[RC5] AMD core

Zypher rc5 at planetfortress.com
Wed Feb 16 09:51:46 EST 2000

I can give a little "proof" that RC5 can somehow be made faster on K7s...

First off, I regularly run either RC5 or Gamma Flux on my Athlon system...

I know my usual rates when nothing else is running...they're pretty static,
I leave it on overnight.

THEN, launch both programs...let them go through a few blocks

Compare the rates...to put it simple, they add up to more than 100%. (GF
takes more, but RC5 does not slow down as much as GF 'takes')
They come to about 120%...and both are 'near 100% cpu idle usage' type
programs. Following my very limited knowledge of cpus, I'd have to say each
is utitlizing different parts of the core, and I know the K7 core was made
to do as many instructions per cycle as was feasible...

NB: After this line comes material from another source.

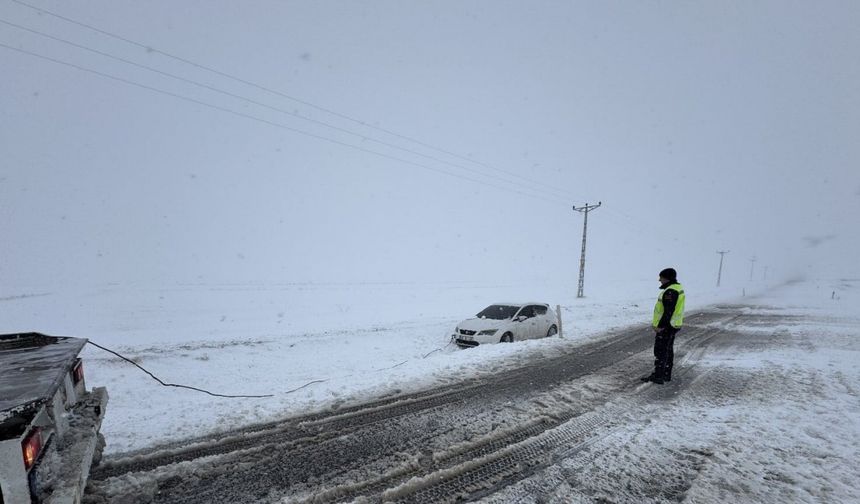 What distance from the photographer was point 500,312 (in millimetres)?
12055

So if each is getting work out of 'another part' of the CPU, then they can
both be made to use that other part to some extent. I'll leave GF to
dcypher, but RC5 is ontopic here ;)

I think the real task is getting a decent amount of work done, writing the
right code. Certainly beyond me, though I'm glad to see theres others on it.
I live for speed in all its forms.

rc5 at planetfortress.com
> >Has anyone looked further into the AMD core optimisation as discussed in:
> >http://lists.distributed.net/hypermail/rc5.Oct1999/0000.html
> >It looked very promissing to me, but I'm afraid I have niether the
> >programming skill, nor the time to look into it. If anyone shoud however
> >know about some good literature about this subject, i would be glad to
> >about it.
> I have started some work on theoretical code.  The main changes to the
> original idea is that I have decoupled the round 3 key expansion and
> encryption phases and will attempt to do most of the encryption using MMX
> instructions while the integer code does the key expansion for the next
> keys.  Originally I had MMX instructions doing part of round 1 of the key
> expansion of the next two keys while the integer code finished it off.